2. Much later Clayton Cramer asked the NRA for a small travel grant to check Bellesiles’s sources in Eastern libraries and he was turned down.

3. Two years into the dispute, when it was nearly over, I read about a Senator attacking Bellesiles in a speech at the NRA convention in Atlanta. He appeared to be relying on (and seconding) news reports in the mainstream press.

4. Other than a review authored by Cramer in Shotgun News and some additional very derivative news articles updating members on developments in the press, that’s all I remember seeing or hearing from the NRA over the 2-3 years of the dispute.

I didn’t regularly see what the NRA sent to members and I doubt that any of the other relevant academics or administrators did either. If the NRA were involved in the Bellesiles affair in any significant way, I would have heard something about it.

Just what is it that the NRA is supposed to have done when it wouldn’t fund — even modestly – Clayton Cramer’s researching sources in the book?

And what is the process by which the NRA influenced the History Chair at Emory and Emory’s Provost to institute a formal investigation, or influenced Bellesiles’s colleagues at Emory to find against him, or influenced the outside panel to find against him, including Laurel Ulrich and Stanley Katz (a signatory to Bellesiles’ anti-NRA letter), or influenced the Provost at Columbia to instigate a review of the Bancroft Prize, or influenced me, or influenced Robert Churchill, or influenced Eric Monkkonen, or influenced the Wm & Mary Q. reviewers, including Randy Roth and Gloria Main?

From what I’ve seen from afar, the NRA mostly concentrates on three things: raising money, publishing magazines, and lobbying Congress.

The real question here is why the NRA mostly stayed out of an inquiry in which people with no knowledge of the dispute just assume they must have had a nontrivial role.

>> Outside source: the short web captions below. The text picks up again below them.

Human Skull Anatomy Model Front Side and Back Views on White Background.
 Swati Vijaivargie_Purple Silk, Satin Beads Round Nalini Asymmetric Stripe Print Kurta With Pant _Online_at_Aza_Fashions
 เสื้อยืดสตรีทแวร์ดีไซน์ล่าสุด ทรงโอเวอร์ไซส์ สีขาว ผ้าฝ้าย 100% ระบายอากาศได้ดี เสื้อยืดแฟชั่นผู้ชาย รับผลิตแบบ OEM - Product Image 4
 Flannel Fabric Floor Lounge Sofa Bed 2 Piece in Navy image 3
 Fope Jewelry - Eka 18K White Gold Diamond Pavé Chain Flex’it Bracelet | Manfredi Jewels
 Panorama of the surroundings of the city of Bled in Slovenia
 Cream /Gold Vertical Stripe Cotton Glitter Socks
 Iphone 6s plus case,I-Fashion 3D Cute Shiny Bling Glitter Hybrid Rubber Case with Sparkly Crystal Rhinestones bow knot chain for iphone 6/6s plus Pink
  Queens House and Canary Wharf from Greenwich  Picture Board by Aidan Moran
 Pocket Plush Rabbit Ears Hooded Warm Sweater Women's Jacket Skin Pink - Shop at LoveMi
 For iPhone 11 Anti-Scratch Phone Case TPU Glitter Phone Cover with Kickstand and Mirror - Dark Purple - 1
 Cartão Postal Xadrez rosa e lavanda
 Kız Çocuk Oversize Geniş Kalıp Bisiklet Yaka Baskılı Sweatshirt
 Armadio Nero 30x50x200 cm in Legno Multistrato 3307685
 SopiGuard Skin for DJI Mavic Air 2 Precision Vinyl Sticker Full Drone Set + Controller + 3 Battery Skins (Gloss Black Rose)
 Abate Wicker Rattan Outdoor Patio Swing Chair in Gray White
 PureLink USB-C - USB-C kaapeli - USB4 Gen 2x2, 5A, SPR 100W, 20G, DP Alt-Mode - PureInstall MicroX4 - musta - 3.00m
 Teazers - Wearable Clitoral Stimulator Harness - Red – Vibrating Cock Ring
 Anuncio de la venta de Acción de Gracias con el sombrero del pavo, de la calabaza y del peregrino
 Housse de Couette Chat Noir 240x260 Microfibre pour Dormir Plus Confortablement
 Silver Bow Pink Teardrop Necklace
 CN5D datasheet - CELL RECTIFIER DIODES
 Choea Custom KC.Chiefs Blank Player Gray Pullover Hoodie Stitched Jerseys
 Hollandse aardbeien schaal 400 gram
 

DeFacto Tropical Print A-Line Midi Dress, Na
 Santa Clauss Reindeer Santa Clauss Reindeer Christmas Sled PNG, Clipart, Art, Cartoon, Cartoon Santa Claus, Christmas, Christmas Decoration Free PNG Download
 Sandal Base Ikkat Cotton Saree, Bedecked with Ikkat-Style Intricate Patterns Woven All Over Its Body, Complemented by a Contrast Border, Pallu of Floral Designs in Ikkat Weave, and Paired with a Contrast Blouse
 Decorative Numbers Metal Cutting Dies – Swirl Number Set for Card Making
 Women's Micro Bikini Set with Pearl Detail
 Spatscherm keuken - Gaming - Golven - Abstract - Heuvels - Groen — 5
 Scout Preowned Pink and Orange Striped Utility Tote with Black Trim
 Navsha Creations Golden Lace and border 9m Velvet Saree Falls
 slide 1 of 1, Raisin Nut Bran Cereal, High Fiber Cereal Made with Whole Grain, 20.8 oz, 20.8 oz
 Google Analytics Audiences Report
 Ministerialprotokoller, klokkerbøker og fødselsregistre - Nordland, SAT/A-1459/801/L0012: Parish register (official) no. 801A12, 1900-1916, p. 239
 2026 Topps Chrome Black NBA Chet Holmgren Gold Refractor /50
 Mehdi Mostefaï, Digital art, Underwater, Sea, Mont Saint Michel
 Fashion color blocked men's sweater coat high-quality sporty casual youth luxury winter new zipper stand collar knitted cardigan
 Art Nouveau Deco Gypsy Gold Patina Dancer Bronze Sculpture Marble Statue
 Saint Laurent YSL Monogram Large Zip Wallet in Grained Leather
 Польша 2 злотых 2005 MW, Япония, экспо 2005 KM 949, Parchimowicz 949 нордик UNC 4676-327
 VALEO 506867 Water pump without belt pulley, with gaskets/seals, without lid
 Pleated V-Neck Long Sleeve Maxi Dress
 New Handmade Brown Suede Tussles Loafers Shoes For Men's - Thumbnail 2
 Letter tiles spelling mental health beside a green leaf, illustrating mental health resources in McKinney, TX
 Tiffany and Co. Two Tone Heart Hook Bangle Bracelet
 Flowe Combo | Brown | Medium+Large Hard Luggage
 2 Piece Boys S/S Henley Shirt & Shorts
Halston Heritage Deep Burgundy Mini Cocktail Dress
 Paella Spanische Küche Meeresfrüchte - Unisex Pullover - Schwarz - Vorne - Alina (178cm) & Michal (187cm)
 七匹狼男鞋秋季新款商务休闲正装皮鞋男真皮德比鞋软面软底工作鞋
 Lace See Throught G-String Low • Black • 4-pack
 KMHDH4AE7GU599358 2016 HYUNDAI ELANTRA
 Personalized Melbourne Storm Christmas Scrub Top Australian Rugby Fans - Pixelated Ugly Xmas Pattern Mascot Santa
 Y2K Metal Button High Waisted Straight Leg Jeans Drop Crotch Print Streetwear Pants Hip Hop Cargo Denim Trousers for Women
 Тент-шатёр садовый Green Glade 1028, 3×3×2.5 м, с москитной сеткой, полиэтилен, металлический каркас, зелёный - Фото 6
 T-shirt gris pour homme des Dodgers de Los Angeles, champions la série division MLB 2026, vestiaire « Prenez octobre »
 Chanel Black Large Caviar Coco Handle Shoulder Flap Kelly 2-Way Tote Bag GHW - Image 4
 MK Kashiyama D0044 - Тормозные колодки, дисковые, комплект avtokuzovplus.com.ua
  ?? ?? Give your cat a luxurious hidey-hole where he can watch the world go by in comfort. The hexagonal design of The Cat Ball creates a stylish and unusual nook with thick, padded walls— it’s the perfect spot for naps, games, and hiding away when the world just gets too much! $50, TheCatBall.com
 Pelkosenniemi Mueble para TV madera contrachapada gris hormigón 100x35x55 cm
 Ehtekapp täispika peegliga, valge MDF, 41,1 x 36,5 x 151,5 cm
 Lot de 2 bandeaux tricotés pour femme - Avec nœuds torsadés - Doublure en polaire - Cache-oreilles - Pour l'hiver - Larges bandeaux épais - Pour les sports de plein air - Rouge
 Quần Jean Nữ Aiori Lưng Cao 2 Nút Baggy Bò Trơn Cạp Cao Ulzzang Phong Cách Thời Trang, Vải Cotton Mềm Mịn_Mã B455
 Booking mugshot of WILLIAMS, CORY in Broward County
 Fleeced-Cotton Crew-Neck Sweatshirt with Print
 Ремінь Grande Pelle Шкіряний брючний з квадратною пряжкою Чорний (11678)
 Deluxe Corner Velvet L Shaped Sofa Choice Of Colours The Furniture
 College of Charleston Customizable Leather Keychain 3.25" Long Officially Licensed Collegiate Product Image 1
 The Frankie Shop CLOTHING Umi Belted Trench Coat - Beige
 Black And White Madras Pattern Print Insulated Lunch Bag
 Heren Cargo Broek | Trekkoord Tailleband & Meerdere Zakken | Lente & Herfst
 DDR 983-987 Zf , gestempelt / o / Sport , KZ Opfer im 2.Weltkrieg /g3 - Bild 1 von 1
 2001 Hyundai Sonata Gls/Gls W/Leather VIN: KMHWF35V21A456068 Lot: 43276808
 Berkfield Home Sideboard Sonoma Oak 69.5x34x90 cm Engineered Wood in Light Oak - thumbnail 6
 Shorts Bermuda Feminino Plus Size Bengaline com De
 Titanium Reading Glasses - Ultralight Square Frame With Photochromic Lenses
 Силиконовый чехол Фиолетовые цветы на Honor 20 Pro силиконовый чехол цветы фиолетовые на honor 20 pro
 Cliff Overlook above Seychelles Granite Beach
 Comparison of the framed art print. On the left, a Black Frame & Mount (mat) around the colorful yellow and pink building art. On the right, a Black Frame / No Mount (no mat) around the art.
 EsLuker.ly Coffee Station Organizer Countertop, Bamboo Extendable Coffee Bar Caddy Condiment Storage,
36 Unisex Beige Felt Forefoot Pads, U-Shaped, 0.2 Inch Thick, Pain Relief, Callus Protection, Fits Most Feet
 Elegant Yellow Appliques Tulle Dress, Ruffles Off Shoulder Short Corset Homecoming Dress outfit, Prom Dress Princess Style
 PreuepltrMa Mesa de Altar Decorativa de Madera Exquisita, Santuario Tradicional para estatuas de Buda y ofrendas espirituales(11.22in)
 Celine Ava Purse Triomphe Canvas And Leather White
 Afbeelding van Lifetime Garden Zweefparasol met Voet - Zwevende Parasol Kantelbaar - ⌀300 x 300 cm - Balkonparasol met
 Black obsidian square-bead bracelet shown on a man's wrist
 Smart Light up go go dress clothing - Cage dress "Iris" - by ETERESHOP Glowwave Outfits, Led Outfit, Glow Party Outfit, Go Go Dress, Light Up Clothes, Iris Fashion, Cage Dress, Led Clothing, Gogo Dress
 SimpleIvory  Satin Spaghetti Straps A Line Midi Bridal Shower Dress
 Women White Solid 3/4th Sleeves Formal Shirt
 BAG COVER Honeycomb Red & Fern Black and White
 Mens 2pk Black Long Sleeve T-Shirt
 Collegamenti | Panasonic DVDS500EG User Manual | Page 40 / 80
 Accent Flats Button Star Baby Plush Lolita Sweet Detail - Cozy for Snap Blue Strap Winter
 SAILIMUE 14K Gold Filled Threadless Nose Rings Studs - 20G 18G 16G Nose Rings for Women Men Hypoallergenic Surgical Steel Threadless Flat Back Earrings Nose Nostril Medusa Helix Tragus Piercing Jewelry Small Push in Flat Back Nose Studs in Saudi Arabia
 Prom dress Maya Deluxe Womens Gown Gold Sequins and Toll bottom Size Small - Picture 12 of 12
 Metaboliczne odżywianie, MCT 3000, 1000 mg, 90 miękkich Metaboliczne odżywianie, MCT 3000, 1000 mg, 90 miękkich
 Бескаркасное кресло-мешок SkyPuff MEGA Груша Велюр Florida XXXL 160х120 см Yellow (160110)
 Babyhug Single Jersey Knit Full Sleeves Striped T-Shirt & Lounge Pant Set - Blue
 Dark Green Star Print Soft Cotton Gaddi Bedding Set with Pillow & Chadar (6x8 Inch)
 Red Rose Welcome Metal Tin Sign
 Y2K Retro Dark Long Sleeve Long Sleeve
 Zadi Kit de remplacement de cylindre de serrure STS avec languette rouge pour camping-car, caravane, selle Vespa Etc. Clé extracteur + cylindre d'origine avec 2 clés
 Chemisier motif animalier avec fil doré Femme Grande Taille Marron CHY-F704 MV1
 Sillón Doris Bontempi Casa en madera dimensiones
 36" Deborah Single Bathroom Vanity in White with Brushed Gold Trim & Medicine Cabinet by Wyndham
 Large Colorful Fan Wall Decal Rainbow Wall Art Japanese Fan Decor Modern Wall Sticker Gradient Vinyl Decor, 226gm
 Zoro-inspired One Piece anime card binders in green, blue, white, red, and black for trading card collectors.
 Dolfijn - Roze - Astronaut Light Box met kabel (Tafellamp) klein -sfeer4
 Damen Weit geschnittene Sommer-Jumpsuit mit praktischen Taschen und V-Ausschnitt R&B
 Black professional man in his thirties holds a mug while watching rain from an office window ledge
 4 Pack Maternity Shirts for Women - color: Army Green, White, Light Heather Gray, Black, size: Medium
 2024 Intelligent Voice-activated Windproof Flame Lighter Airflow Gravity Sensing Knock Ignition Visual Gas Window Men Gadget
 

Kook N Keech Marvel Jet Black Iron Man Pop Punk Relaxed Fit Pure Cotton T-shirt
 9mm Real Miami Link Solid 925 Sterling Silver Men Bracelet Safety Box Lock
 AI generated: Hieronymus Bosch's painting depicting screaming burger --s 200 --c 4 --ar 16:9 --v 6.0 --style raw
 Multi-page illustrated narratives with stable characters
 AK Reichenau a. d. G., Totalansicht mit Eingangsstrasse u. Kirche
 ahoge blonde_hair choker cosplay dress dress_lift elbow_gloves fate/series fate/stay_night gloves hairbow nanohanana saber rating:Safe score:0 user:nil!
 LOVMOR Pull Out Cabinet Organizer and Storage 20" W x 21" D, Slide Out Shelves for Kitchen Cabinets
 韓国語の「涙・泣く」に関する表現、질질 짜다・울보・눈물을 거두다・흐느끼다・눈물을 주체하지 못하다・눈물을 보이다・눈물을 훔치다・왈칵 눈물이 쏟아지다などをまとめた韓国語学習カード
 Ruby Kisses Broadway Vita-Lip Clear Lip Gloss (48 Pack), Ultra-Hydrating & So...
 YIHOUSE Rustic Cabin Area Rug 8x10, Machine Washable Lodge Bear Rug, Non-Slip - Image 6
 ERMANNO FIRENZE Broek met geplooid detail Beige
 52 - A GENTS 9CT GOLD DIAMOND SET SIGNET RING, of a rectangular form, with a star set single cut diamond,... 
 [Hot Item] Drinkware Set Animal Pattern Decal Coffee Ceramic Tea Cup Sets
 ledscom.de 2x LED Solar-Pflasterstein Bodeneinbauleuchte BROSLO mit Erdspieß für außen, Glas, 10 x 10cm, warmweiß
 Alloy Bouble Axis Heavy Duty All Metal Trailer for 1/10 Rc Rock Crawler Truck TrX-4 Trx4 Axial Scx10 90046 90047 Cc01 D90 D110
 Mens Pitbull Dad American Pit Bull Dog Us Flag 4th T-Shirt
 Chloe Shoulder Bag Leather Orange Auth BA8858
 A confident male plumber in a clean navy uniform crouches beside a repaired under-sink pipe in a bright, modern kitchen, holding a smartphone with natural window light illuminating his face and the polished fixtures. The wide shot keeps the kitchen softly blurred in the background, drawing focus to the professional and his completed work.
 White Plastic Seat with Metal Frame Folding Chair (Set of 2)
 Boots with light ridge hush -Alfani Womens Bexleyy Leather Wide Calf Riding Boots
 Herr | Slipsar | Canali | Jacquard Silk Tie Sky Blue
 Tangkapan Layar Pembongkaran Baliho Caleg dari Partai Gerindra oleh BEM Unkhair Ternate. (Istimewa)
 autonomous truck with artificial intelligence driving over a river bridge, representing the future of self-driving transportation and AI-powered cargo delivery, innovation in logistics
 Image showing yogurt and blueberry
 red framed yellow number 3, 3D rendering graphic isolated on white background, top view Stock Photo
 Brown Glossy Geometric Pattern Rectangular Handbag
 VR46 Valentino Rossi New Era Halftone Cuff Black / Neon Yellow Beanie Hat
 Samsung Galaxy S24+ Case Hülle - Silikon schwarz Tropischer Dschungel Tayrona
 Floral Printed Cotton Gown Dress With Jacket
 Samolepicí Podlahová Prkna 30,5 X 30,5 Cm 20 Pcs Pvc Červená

After the Bellesiles affair was over, I asked a law professor who had in the past received funding from the NRA why the NRA was so savvy to stay out of it and let the academics handle it in the normal way. The answer I got is that the NRA wasn’t savvy so much as it is suspicious of academics, whom they neither understand nor trust. If the NRA pays for something, they want to control the message — and most academics won’t take money on that basis.

Spreading patently ridiculous NRA conspiracy stories, as the New Press editor is doing, is irresponsible and frankly ahistorical. If the editor is honest, he or she will look into the basis for her claim and correct her misstatement.

It is ironic that a historian whose book spread unsupported and untrue stories about early America is now defended by an editor at the New Press who is spreading unsupported and untrue stories about the dispute over that book.

As we discovered in 2000, some people are incredibly gullible when they really, really want to believe.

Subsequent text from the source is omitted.